Captioned web images
-------

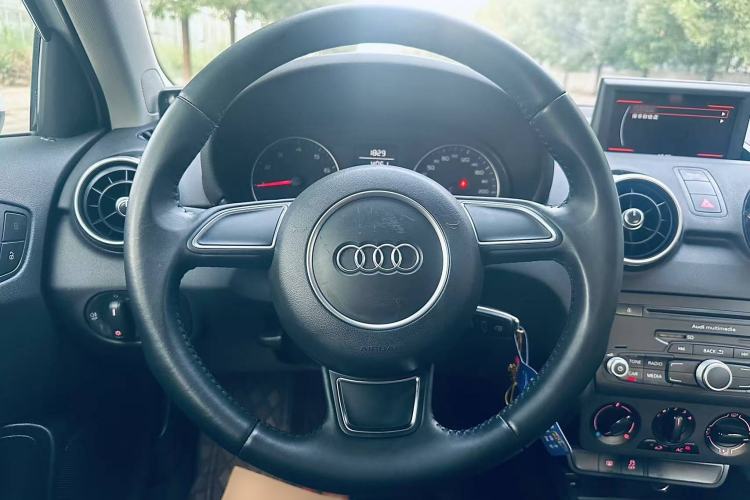 Used Audi A1 2014 30 TFSI Sportback Fashion Model Interior 2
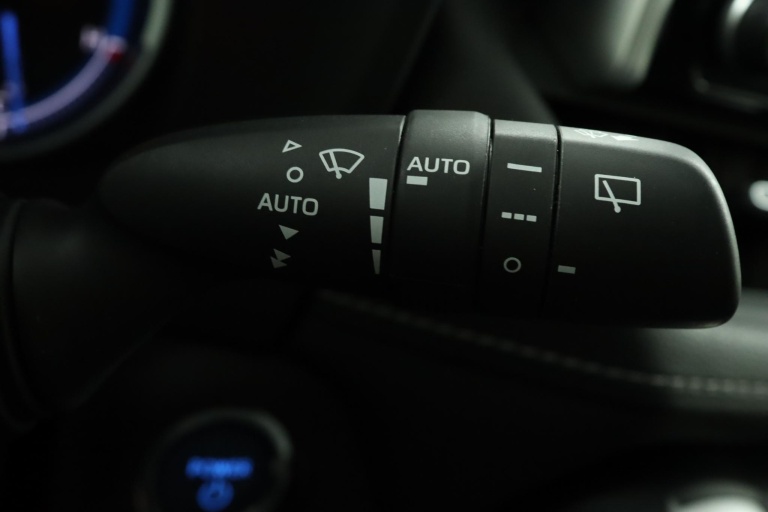 Toyota RAV4 - 2.5 Hybrid Dynamic 32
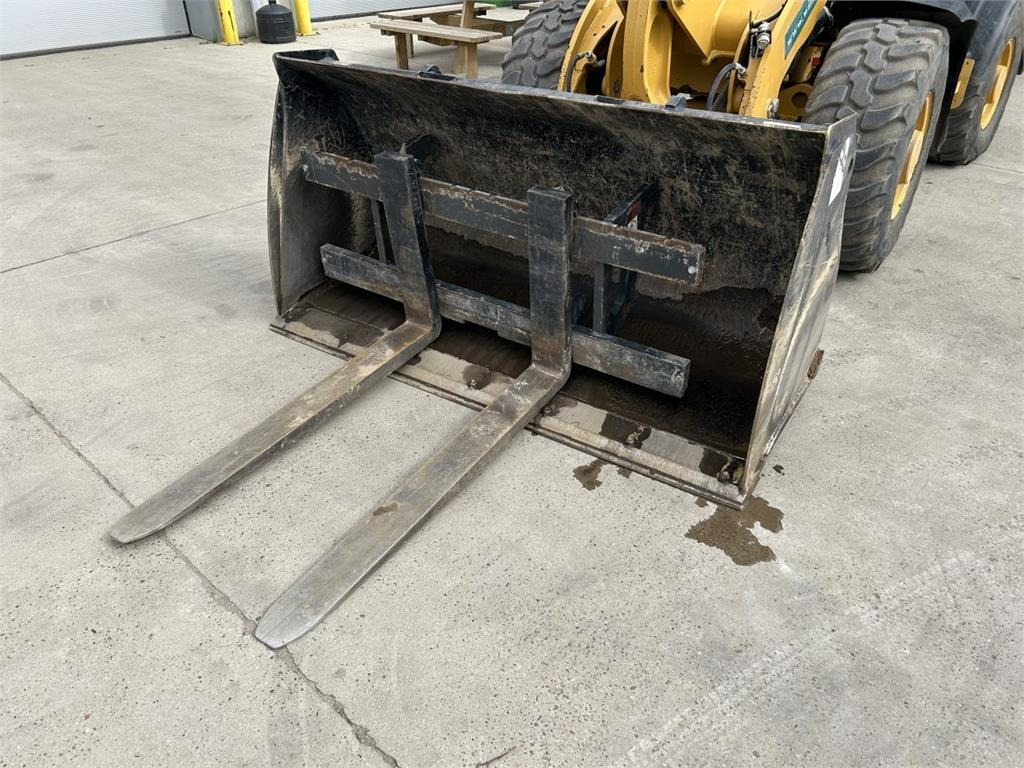 CAT 906M (8758) - Ngarkues i artikuluar: foto 5 CAT 906M (8758) - Ngarkues i artikuluar: foto 5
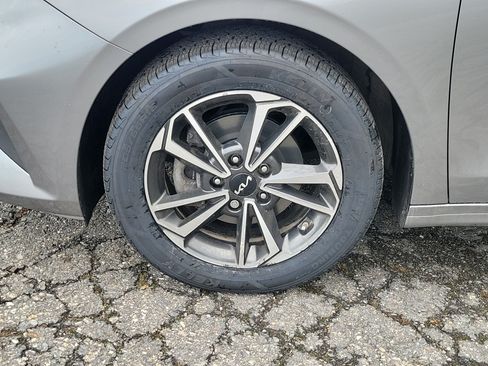 Used 2023 Kia Forte LXS FWD image 12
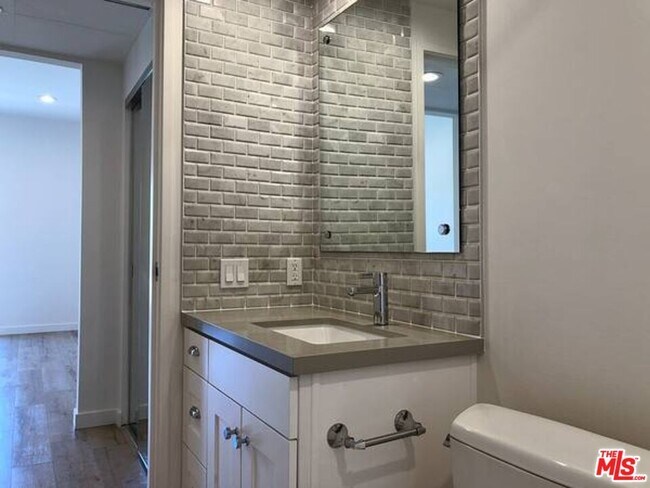 Building Photo - 301 S Swall Dr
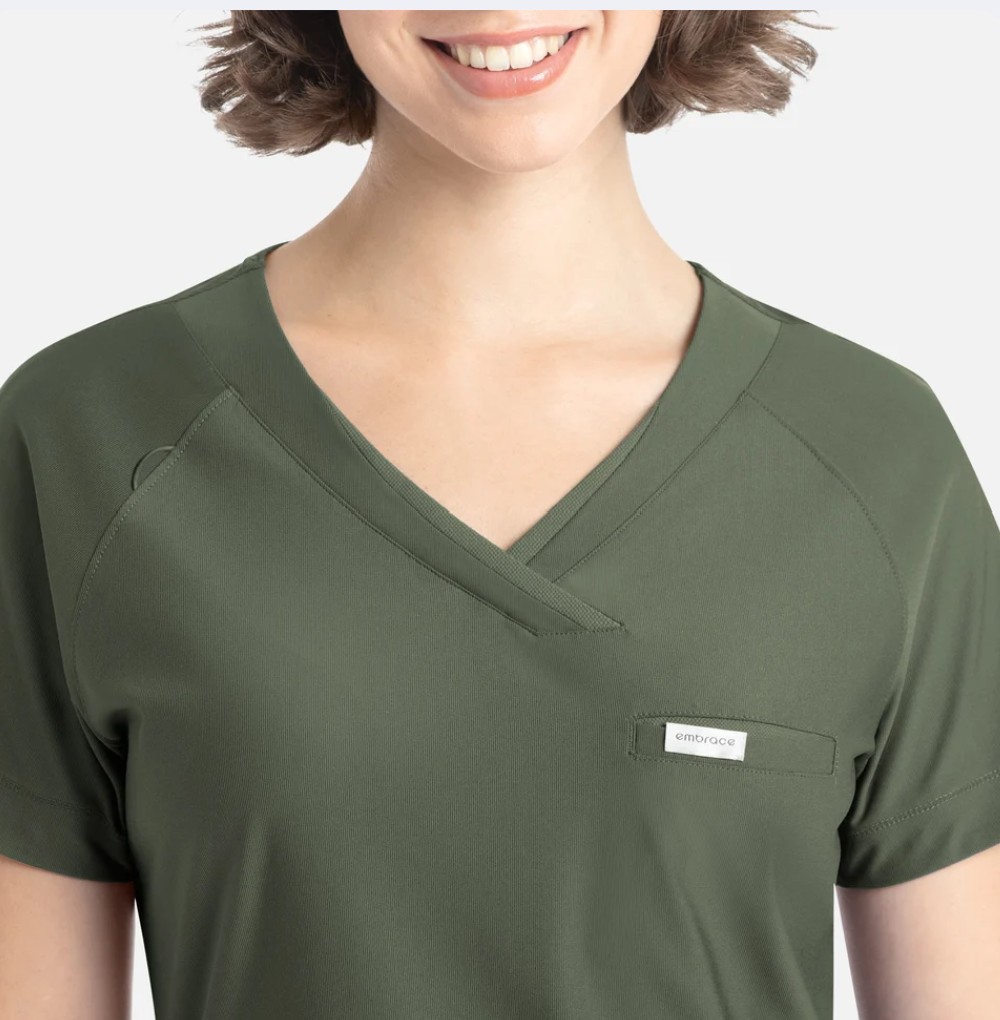 Maevn Embrace Scrub Top 2502 Olive - Imagen 2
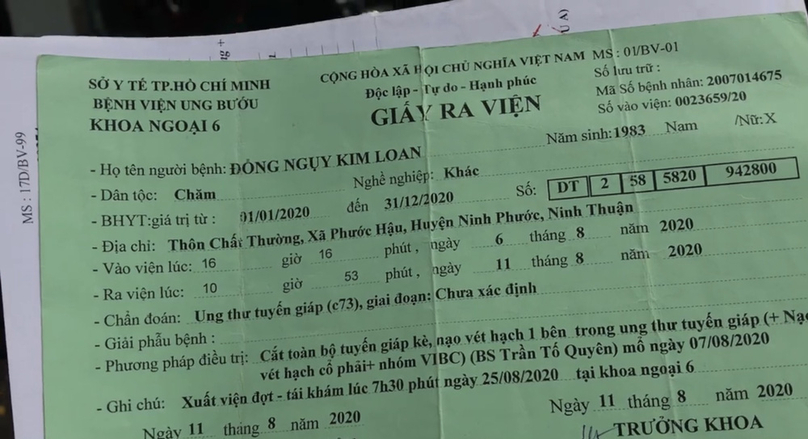 Giấy ra viện của chị Loan hồi năm 2020. Tuy nhiên, hiện tại chị vẫn đang phải điều trị tiếp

-------

» **HOW TO COMPLETE THIS TASK**
All entries above are to be restated exactly, with every image omitted.

» **TASK OUTPUT**
 Used Audi A1 2014 30 TFSI Sportback Fashion Model Interior 2
 Toyota RAV4 - 2.5 Hybrid Dynamic 32
 CAT 906M (8758) - Ngarkues i artikuluar: foto 5 CAT 906M (8758) - Ngarkues i artikuluar: foto 5
 Used 2023 Kia Forte LXS FWD image 12
 Building Photo - 301 S Swall Dr
 Maevn Embrace Scrub Top 2502 Olive - Imagen 2
 Giấy ra viện của chị Loan hồi năm 2020. Tuy nhiên, hiện tại chị vẫn đang phải điều trị tiếp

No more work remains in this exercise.